Natural Language Processing - Week 2 Milestone Report

Introduction

The goal of this milestone report is to explore the major features of the text data given to us for the Coursera Data Science Capstone through Johns Hopkins University. The project is sponsored by SwiftKey. The end-goal is to create text-prediction application with R’s Shiny package that predicts words using a natural language processing model.

The first step here is to get an idea of what kinds of pre-processing will be necessary to prepare the data for creating the model. Specifically, certain kinds of characters and words need to be removed and/or modified to aid in prediction accuracy. Finally, I need to create list of single words, and two/three word phrases to see which occur most frequently.

Downloading and Splitting the Raw Data

Load Libraries

The following R packages are necessary for this analysis.

library(tm)
library(quanteda)
library(dplyr)
library(ggplot2)
library(stringr)
library(pander)

Download

The following downloads the dataset and unzips it into the current working directory. Next, the files of interest are read into R with the readLines function. The data is available here.

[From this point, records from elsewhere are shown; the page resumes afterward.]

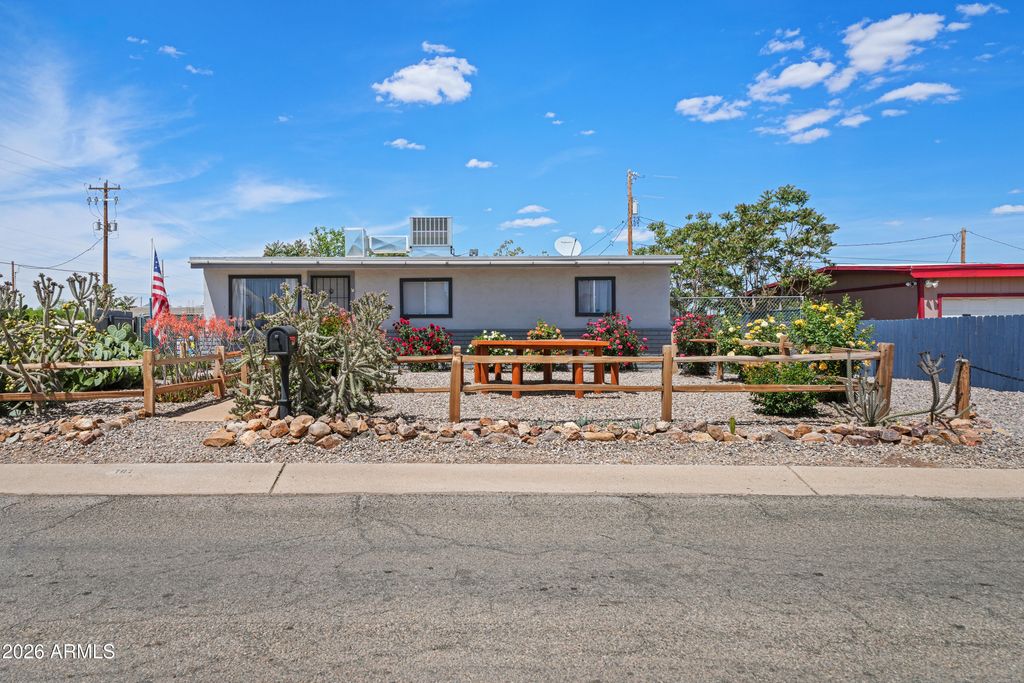 Image 2 of property listing at 101 E YUMA Street, Huachuca City, AZ 85616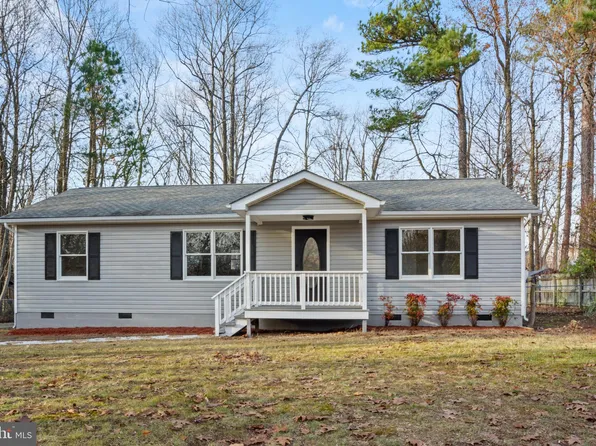62 Hidden Lake Dr, Montross, VA 22520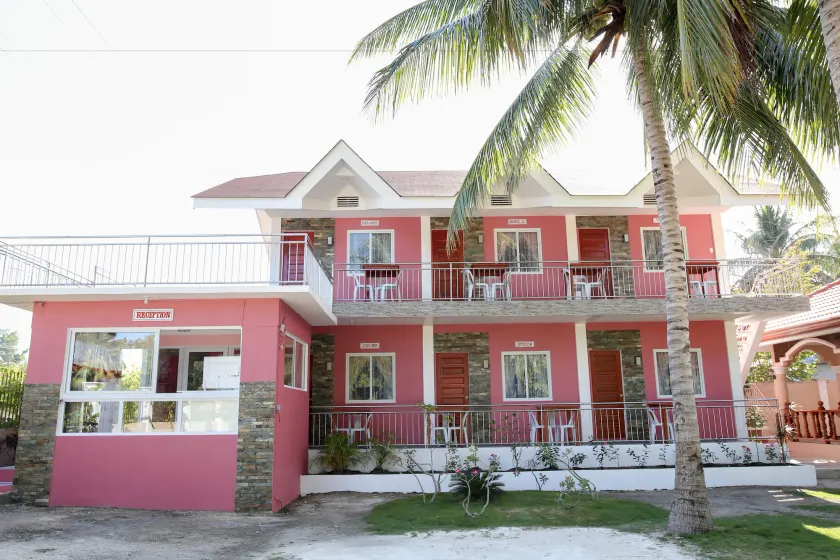 Luzmin BH - Pink House - Image 1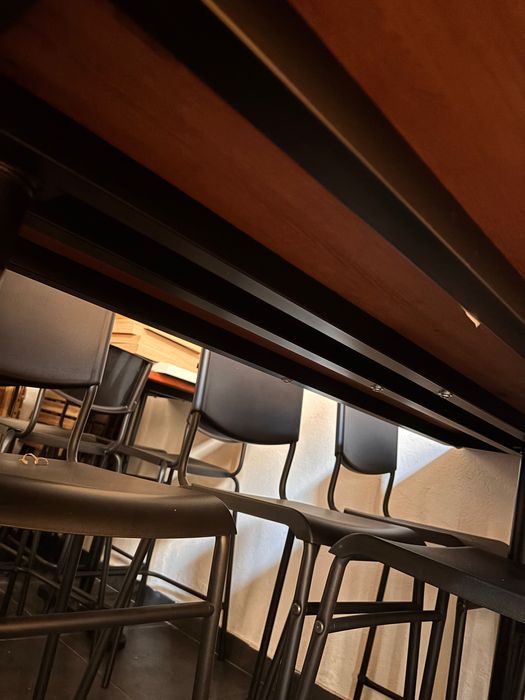 Mesas de refeições com cadeiras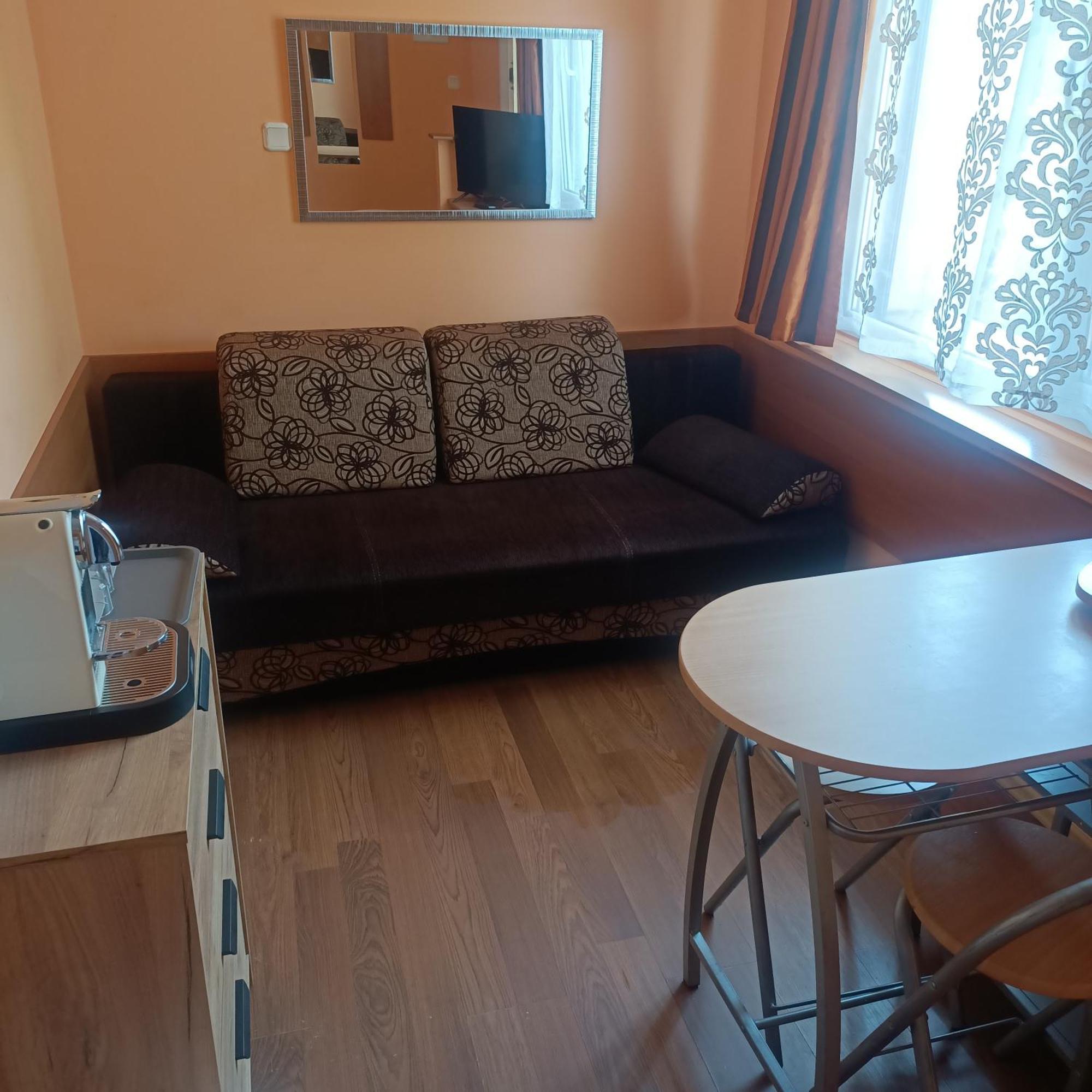 "Vanilla" Pokoje I Apartamenty Nad Brzegiem Jeziora Okuninka Eksteriør bilde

fileURL <- "https://d396qusza40orc.cloudfront.net/dsscapstone/dataset/Coursera-SwiftKey.zip"
if(!file.exists(basename(fileURL))){
    download.file(fileURL, basename(fileURL))
    unzip(basename(fileURL))
}

blog <- readLines(con = "./final/en_US/en_US.blogs.txt", encoding= "UTF-8", skipNul = T)
news <- readLines(con = "./final/en_US/en_US.news.txt", encoding= "UTF-8", skipNul = T)
twit <- readLines(con = "./final/en_US/en_US.twitter.txt", encoding= "UTF-8", skipNul = T)

Split Into Separate Files

Now that the dataset has been obtained and the Corpus created, it needs to be split into a training set, development set, and test set. Since the files contain a large number of documents, a small sample of the training set will be created for exploratory analysis. The ratio will be 60% training, 20% development, and 20% test. The small training dataset for exploratory analysis will be 20% of the training set, or 12% of the total dataset.

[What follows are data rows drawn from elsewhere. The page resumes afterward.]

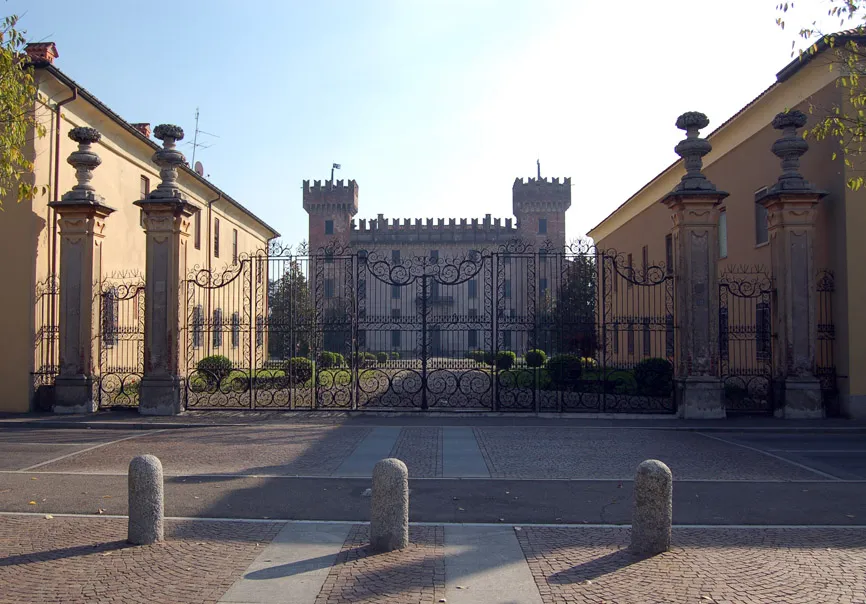 Visconti-Castelbarco Castle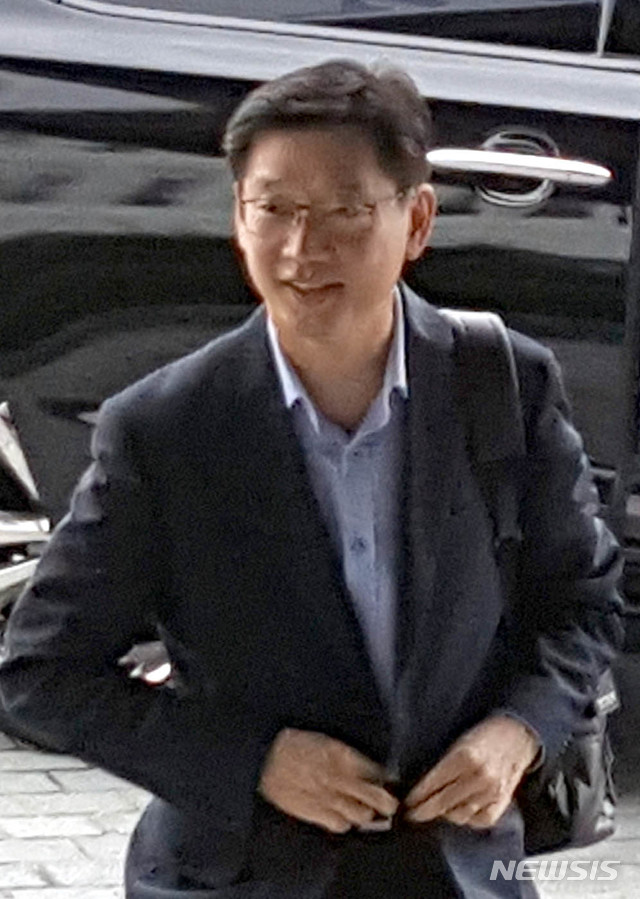 【창원=뉴시스】강경국 기자 = 허익범 특별검사팀이 김경수 경남도지사에 대한 구속영장을 청구한 가운데 김 지사가 16일 오전 경남도청에 출근하고 있다. 2018.08.16.&nbsp; kgkang@newsis.com 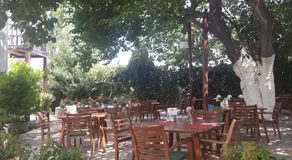 Meis Hotel - Image 4
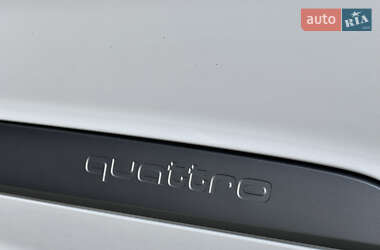Внедорожник / Кроссовер Audi Q7 2017 в 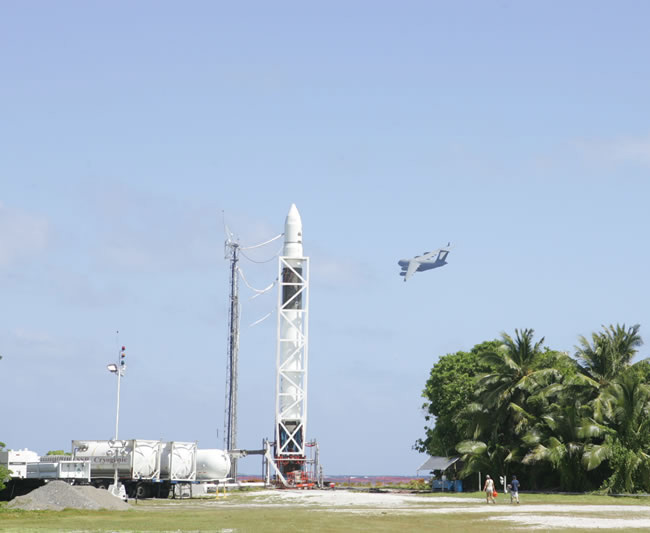 SpaceX Scrubs Launch Debut of Falcon 1 Rocket Due to Structural Glitch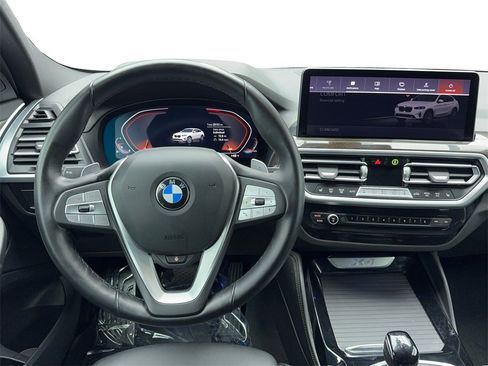 Used 2024 BMW X4 xDrive30i image 17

#Randomly permute the order of lines in the files for splitting
set.seed(310)
blog <- blog[sample(seq(length(blog)))]
news <- news[sample(seq(length(news)))]
twit <- twit[sample(seq(length(twit)))]

#Split the blog text
n <- length(blog)
train.blog <- blog[1:floor(n*0.6)]
dev.blog <- blog[(floor(n*0.6)+1):floor(n*0.8)]
test.blog <- blog[(floor(n*0.8)+1):n]
#Split the news text
n <- length(news)
train.news <- news[1:floor(n*0.6)]
dev.news <- news[(floor(n*0.6)+1):floor(n*0.8)]
test.news <- news[(floor(n*0.8)+1):n]
#Split the twitter text
n <- length(twit)
train.twit <- twit[1:floor(n*0.6)]
dev.twit <- twit[(floor(n*0.6)+1):floor(n*0.8)]
test.twit <- twit[(floor(n*0.8)+1):n]


#Take a smaller sample of the training sets for exploratory analysis
set.seed(424)
n <- sample(seq(length(train.blog)))
small.blog <- train.blog[n[1:floor(length(n)*0.2)]]
n <- sample(seq(length(train.news)))
small.news <- train.news[n[1:floor(length(n)*0.2)]]
n <- sample(seq(length(train.twit)))
small.twit <- train.twit[n[1:floor(length(n)*0.2)]]

Note: At this point, all the datasets are written to local files so that they can be loaded later. Code is not shown.

Basic File Information

Here we can see the list of files created, their file size, and a rough estimate of the number of words contained in each file. To get the word estimate, the str_count function from the stringer package was used to count the number of character sequences separated by a space. Specifically, with the call: str_count(x, "\\S+").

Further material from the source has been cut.